INSTRUCTIONS FOR THE TASK -
When you reach the line with "Item preview, Grandpa" in the data below, begin printing lines exactly, and stop once the line with "The Future of" has been printed.

::::::

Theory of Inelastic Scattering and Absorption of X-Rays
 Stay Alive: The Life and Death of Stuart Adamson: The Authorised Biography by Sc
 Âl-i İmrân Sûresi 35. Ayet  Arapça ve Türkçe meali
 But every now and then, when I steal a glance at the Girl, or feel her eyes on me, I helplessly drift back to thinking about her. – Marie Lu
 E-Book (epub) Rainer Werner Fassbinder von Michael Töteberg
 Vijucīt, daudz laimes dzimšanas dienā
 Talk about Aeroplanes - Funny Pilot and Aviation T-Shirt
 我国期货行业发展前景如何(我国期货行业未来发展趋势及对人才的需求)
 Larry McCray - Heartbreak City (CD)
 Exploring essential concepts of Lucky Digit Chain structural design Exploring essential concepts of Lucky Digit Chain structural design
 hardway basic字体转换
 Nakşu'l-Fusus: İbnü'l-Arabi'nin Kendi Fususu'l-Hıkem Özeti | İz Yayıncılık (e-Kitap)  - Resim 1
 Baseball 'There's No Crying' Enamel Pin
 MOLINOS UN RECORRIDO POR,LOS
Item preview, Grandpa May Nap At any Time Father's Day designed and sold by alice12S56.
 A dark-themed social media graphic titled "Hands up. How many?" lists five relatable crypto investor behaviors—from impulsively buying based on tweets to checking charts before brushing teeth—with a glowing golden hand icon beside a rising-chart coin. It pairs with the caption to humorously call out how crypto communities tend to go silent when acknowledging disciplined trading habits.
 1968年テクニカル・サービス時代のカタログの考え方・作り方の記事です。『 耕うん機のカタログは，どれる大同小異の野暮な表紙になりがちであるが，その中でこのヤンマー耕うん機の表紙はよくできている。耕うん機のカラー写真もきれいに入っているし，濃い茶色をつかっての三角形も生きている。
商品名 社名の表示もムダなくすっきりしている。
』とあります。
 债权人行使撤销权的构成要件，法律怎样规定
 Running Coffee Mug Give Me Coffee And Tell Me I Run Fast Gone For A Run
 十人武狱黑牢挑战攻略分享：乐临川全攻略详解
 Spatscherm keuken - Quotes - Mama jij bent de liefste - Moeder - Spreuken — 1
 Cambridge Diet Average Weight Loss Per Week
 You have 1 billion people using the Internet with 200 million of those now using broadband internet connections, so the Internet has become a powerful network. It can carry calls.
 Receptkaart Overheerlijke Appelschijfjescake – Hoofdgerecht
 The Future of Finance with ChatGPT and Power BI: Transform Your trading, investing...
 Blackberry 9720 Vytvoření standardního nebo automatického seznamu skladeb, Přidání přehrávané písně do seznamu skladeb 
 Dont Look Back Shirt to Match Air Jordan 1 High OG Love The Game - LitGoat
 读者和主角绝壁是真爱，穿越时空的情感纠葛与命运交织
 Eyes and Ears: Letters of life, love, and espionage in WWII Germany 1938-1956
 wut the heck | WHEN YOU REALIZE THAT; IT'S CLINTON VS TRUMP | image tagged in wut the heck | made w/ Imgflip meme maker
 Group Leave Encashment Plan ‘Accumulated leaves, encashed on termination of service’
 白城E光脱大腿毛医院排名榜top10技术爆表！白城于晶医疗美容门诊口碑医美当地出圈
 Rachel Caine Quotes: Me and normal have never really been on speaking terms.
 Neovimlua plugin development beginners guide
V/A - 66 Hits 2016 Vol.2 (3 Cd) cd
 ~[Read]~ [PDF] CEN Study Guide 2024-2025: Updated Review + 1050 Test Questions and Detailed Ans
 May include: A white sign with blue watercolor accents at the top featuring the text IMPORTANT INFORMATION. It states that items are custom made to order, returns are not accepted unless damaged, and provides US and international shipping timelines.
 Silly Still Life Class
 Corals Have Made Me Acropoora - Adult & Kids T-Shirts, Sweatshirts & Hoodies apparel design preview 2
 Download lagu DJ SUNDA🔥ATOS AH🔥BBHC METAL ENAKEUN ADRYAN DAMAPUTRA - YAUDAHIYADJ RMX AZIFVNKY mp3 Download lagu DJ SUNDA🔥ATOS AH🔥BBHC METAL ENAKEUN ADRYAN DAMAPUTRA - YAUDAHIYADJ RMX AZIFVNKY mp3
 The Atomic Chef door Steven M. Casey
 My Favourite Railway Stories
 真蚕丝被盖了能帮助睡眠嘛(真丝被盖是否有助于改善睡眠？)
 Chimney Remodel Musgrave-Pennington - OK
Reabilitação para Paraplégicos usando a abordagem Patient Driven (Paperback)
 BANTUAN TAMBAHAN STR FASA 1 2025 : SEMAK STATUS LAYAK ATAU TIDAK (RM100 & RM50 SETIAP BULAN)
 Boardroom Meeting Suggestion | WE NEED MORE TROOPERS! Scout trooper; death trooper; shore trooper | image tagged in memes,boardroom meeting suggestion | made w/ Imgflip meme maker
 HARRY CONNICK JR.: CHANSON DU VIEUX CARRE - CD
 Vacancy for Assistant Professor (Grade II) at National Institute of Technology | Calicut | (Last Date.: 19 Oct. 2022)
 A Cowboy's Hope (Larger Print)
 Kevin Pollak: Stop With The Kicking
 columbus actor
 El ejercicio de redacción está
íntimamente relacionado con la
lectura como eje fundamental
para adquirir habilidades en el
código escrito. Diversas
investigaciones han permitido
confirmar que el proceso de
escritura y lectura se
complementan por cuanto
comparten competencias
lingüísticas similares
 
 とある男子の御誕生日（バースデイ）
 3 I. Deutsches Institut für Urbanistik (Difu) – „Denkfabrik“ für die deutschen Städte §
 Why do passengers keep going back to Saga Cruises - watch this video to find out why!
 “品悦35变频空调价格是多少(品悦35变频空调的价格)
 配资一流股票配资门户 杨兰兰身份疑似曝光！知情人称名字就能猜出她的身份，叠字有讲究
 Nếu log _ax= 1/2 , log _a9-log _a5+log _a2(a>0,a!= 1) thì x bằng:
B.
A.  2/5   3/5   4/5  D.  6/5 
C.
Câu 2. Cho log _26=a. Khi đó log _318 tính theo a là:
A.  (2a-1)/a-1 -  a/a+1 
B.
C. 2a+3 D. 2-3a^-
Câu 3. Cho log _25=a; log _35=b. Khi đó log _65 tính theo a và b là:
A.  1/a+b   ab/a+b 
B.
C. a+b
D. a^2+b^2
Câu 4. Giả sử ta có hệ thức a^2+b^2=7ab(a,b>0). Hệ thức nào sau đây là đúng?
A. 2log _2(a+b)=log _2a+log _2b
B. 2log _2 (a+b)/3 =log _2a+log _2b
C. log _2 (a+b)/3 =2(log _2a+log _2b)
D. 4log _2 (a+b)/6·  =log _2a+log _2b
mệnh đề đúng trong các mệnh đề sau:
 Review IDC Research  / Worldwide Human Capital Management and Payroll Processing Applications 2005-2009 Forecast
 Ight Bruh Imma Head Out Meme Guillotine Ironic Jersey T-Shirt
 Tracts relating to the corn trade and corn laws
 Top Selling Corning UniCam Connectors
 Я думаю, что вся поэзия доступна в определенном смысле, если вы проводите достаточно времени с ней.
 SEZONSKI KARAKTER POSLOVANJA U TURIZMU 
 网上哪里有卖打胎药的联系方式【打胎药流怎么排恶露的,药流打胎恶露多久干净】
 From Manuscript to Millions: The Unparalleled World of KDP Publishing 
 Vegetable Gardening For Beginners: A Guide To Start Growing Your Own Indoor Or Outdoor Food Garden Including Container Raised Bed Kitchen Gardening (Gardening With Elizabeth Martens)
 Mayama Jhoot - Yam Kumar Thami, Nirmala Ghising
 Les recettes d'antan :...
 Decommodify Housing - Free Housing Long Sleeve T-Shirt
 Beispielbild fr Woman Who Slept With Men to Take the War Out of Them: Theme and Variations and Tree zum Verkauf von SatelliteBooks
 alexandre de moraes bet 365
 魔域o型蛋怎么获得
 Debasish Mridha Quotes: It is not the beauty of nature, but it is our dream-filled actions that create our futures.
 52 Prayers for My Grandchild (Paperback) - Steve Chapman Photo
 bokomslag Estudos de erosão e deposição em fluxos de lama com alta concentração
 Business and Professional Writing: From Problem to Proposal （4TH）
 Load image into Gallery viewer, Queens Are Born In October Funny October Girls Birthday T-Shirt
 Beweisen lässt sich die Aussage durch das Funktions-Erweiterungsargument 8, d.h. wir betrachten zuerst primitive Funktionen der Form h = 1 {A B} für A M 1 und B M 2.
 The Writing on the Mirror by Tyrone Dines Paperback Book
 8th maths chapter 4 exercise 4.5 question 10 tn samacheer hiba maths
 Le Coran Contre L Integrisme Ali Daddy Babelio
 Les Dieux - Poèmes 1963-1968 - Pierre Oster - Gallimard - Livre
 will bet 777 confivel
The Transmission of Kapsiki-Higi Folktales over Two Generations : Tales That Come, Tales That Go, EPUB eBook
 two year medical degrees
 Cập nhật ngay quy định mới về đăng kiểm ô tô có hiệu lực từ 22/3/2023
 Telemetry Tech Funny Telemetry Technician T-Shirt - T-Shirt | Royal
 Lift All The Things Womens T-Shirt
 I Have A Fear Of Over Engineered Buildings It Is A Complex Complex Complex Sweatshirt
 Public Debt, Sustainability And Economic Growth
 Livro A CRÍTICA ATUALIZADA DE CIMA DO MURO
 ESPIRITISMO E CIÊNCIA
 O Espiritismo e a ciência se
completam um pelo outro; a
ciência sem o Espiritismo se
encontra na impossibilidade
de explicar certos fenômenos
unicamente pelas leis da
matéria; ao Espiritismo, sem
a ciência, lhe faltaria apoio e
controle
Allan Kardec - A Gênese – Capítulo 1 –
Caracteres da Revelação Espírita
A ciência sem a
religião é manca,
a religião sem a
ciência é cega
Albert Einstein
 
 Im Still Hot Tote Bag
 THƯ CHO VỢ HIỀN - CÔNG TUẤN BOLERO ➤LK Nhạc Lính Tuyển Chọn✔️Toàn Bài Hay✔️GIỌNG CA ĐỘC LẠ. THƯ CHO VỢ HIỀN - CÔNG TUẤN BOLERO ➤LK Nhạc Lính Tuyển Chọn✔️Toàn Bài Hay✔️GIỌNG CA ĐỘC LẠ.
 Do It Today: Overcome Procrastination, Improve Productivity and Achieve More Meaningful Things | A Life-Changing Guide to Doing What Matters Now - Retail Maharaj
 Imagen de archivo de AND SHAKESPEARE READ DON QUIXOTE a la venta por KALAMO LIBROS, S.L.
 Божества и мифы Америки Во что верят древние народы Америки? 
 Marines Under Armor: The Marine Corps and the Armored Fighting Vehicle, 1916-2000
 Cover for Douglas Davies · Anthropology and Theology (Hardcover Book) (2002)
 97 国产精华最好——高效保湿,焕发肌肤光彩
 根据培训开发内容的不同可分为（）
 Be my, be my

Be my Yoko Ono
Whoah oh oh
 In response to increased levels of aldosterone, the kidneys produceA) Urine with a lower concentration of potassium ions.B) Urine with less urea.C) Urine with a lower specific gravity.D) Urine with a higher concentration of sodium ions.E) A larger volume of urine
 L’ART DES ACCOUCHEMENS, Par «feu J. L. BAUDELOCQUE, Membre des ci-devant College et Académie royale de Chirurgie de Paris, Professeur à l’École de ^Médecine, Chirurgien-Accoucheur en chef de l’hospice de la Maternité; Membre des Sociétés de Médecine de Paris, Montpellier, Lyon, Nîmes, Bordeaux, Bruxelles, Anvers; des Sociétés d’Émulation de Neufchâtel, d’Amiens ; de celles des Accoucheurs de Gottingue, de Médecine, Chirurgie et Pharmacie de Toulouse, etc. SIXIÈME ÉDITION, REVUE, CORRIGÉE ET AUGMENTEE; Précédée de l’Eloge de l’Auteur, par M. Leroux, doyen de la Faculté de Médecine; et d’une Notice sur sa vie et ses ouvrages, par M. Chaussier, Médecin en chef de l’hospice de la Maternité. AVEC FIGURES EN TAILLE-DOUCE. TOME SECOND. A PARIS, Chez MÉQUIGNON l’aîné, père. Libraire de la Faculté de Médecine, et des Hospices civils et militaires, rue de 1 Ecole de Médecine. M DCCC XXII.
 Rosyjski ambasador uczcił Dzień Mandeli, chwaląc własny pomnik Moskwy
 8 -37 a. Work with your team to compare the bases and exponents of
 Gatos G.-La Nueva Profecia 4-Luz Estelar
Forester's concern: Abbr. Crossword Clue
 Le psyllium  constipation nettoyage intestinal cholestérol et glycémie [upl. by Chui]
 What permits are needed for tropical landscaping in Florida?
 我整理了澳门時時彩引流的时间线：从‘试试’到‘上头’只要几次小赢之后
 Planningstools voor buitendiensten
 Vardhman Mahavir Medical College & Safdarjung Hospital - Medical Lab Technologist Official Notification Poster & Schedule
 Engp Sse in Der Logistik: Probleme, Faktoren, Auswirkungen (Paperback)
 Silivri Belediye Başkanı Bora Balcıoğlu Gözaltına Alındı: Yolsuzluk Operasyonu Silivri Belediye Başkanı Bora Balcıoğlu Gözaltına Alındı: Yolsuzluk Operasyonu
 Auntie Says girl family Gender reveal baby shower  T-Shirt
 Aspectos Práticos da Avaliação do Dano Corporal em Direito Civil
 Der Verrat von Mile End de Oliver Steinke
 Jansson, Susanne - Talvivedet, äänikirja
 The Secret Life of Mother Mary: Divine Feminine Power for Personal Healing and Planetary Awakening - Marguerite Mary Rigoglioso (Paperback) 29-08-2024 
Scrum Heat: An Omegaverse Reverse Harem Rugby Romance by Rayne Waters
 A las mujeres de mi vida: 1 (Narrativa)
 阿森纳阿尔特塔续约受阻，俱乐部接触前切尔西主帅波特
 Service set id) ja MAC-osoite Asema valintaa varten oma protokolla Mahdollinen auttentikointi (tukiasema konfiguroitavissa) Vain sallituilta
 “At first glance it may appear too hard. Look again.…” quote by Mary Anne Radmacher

::::::

RESULT BELOW -
Item preview, Grandpa May Nap At any Time Father's Day designed and sold by alice12S56.
 A dark-themed social media graphic titled "Hands up. How many?" lists five relatable crypto investor behaviors—from impulsively buying based on tweets to checking charts before brushing teeth—with a glowing golden hand icon beside a rising-chart coin. It pairs with the caption to humorously call out how crypto communities tend to go silent when acknowledging disciplined trading habits.
 1968年テクニカル・サービス時代のカタログの考え方・作り方の記事です。『 耕うん機のカタログは，どれる大同小異の野暮な表紙になりがちであるが，その中でこのヤンマー耕うん機の表紙はよくできている。耕うん機のカラー写真もきれいに入っているし，濃い茶色をつかっての三角形も生きている。
商品名 社名の表示もムダなくすっきりしている。
』とあります。
 债权人行使撤销权的构成要件，法律怎样规定
 Running Coffee Mug Give Me Coffee And Tell Me I Run Fast Gone For A Run
 十人武狱黑牢挑战攻略分享：乐临川全攻略详解
 Spatscherm keuken - Quotes - Mama jij bent de liefste - Moeder - Spreuken — 1
 Cambridge Diet Average Weight Loss Per Week
 You have 1 billion people using the Internet with 200 million of those now using broadband internet connections, so the Internet has become a powerful network. It can carry calls.
 Receptkaart Overheerlijke Appelschijfjescake – Hoofdgerecht
 The Future of Finance with ChatGPT and Power BI: Transform Your trading, investing...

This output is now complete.